Wednesday, May 20, 2009

KURIKULUM INTEGRAL DAN ISLAMISASI ILMU



Jika merujuk pada sejarah lahirnya konsep kurikulum integral, maka fakta yang kita dapati, adanya semacam kekhwatiran dari pemikir muslim akibat mewabahnya fenomena sekulerisme Barat yang menggerorogoti kehidupan umat Islam, dalam seluruh aspek kehidupan, baik sosial, budaya, politik maupun pendidikan. Dalam politik misalnya, kita dipaksa mendengar dan menerima adagium “Islam Yes, Partai Islam, No” yang pernah dilontarkan oleh penggagas pertama gerakan sekulerisasi di Indonesia. Begitu juga dalam bidang pendidikan, yang salah satu akibat pengaruh buruk sekulerisme dalam pendidikan adalah kita diperkenalkan dengan istilah dualisme kurikulum yang berusa memisahkan antara ilmu pengetahuan agama dan ilmu pengetahuan umum (sains).
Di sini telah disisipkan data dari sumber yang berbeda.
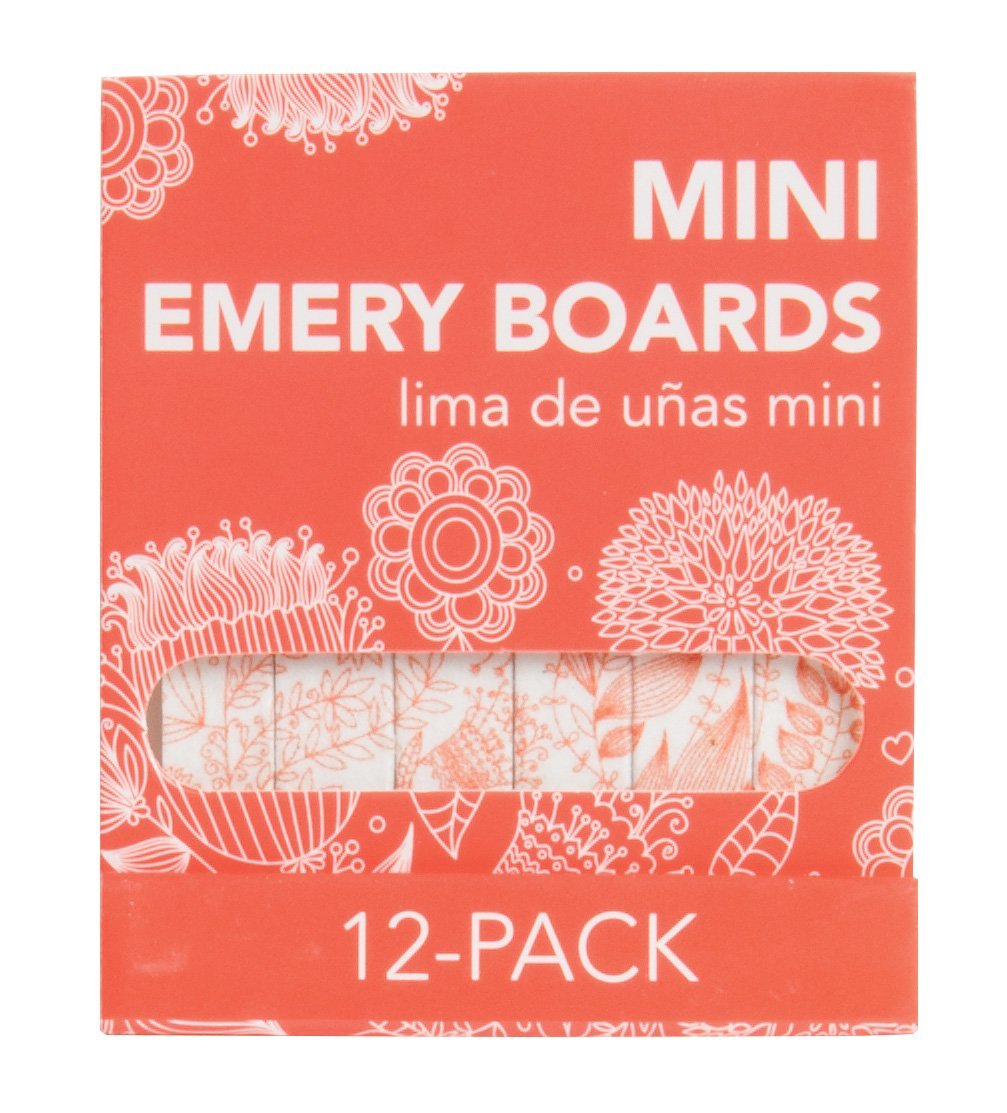 MayaBeauty Mini Emery Board 12 pack - Orange, Nail File, Orange, - BeesActive Australia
Fakta inilah yang melatar belakangi lahirnya konsep kurikulum integral. Konsep ini berusaha mengintegrasikan kembali dua kurikulum tersebut. Dengan kata lain, kurikulum integral adalah antitesis dari dualisme kurikulum yang berusaha menyodorkan suatu paradigma baru pendidikan dengan berbasiskan tauhid sebagai basis centralnya, sehingga dikotomi keilmuan tidak lagi mendapatkan tempatnya dalam semua aktivitas pendidikan dan pengajaran individu muslim.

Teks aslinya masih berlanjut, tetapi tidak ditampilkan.